Short text fragments from websites
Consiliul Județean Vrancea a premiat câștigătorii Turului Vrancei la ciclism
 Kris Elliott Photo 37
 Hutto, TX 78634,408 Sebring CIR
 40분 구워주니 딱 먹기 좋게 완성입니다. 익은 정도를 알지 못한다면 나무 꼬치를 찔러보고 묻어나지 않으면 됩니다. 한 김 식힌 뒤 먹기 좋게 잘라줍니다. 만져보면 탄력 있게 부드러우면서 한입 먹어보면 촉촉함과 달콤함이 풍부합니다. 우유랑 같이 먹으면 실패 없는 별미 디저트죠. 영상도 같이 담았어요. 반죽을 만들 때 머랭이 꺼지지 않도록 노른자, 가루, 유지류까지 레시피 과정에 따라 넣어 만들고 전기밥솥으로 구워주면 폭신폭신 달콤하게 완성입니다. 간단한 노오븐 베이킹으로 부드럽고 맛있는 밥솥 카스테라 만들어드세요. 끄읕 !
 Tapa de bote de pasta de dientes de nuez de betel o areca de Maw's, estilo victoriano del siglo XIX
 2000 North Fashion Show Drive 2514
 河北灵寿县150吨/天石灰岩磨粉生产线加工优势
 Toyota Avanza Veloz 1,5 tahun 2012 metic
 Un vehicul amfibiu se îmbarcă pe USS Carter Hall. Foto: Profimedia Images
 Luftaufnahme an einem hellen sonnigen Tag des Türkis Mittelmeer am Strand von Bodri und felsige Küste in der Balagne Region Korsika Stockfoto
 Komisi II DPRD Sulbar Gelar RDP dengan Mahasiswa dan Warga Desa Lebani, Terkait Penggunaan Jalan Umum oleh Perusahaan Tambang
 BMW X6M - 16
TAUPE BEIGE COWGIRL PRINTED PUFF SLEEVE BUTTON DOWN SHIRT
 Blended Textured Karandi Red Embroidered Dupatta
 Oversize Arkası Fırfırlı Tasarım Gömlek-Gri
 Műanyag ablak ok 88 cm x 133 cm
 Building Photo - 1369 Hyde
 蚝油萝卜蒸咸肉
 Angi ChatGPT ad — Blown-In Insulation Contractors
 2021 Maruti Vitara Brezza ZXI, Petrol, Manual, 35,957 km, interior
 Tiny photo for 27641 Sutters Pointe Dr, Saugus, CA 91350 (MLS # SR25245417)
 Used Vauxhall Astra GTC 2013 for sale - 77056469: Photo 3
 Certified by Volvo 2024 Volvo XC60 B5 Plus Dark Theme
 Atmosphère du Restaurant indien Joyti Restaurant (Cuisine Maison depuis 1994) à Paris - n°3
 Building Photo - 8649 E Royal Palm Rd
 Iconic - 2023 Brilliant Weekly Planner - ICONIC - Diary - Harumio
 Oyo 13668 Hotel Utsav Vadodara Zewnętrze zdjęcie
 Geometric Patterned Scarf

### What this task involves
Only the lines from the one containing "2000 North Fashion Show Drive 2514" through the end of the entries above belong in the answer; repeat them exactly.

### Expected answer
 2000 North Fashion Show Drive 2514
 河北灵寿县150吨/天石灰岩磨粉生产线加工优势
 Toyota Avanza Veloz 1,5 tahun 2012 metic
 Un vehicul amfibiu se îmbarcă pe USS Carter Hall. Foto: Profimedia Images
 Luftaufnahme an einem hellen sonnigen Tag des Türkis Mittelmeer am Strand von Bodri und felsige Küste in der Balagne Region Korsika Stockfoto
 Komisi II DPRD Sulbar Gelar RDP dengan Mahasiswa dan Warga Desa Lebani, Terkait Penggunaan Jalan Umum oleh Perusahaan Tambang
 BMW X6M - 16
TAUPE BEIGE COWGIRL PRINTED PUFF SLEEVE BUTTON DOWN SHIRT
 Blended Textured Karandi Red Embroidered Dupatta
 Oversize Arkası Fırfırlı Tasarım Gömlek-Gri
 Műanyag ablak ok 88 cm x 133 cm
 Building Photo - 1369 Hyde
 蚝油萝卜蒸咸肉
 Angi ChatGPT ad — Blown-In Insulation Contractors
 2021 Maruti Vitara Brezza ZXI, Petrol, Manual, 35,957 km, interior
 Tiny photo for 27641 Sutters Pointe Dr, Saugus, CA 91350 (MLS # SR25245417)
 Used Vauxhall Astra GTC 2013 for sale - 77056469: Photo 3
 Certified by Volvo 2024 Volvo XC60 B5 Plus Dark Theme
 Atmosphère du Restaurant indien Joyti Restaurant (Cuisine Maison depuis 1994) à Paris - n°3
 Building Photo - 8649 E Royal Palm Rd
 Iconic - 2023 Brilliant Weekly Planner - ICONIC - Diary - Harumio
 Oyo 13668 Hotel Utsav Vadodara Zewnętrze zdjęcie
 Geometric Patterned Scarf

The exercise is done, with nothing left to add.